History suggests Bitcoin has room to fall, with $60,000 marking a likely bottom
Bitcoin’s recent slide has revived concerns that the market could face further downside, with long-term historical data pointing to the 200-week moving average as a critical level to watch.
The largest cryptocurrency fell 11% last week to about $74,800, marking its steepest weekly decline since March 2025. While the drop has already shaken investor confidence, technical signals suggest the correction may not yet be complete. A decline toward $58,000—roughly 25% below current prices—would bring bitcoin back to its 200-week moving average, a level that has historically acted as support during bear markets.
Weak demand following the selloff has added to fears of another extended downturn. Past cycles suggest that major bottoms tend to form slowly, often after prolonged periods of weakness rather than sharp, single-leg declines.
The 200-week moving average, which tracks bitcoin’s average closing price over nearly four years, is widely used as a long-term trend indicator and as a reference point for bitcoin’s four-year market cycle. In every previous cycle, the indicator has either marked or closely coincided with major market lows. The level currently stands near $57,900.
Bitcoin has historically peaked in the fourth quarter of the final year of each cycle. In the current cycle, it reached a record high of $126,000 in October and has since declined by around 40%. Last week’s selloff also pushed bitcoin below the Ichimoku Cloud on the weekly chart, a technical indicator that measures trend strength, momentum, and support.

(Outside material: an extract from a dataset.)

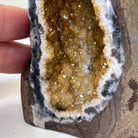 Extra Plus Quality Citrine Cluster w/ flat base, 3.7" Tall 5612 - 0179 - Brazil GemsBrazil GemsExtra Plus Quality Citrine Cluster w/ flat base, 3.7" Tall 5612 - 0179Small Clusters with Flat Bases5612 - 0179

Trading above the Ichimoku Cloud typically signals strong bullish conditions, while sustained moves below it suggest weakening momentum and greater vulnerability to extended losses. Bitcoin’s break below the cloud is a bearish development that, in past cycles, has preceded the most severe phases of bear markets.
The broader price action continues to align with the four-year cycle theory, which is closely linked to bitcoin’s halving schedule. The halving reduces new supply by 50% roughly every four years and has historically contributed to recurring boom-and-bust dynamics.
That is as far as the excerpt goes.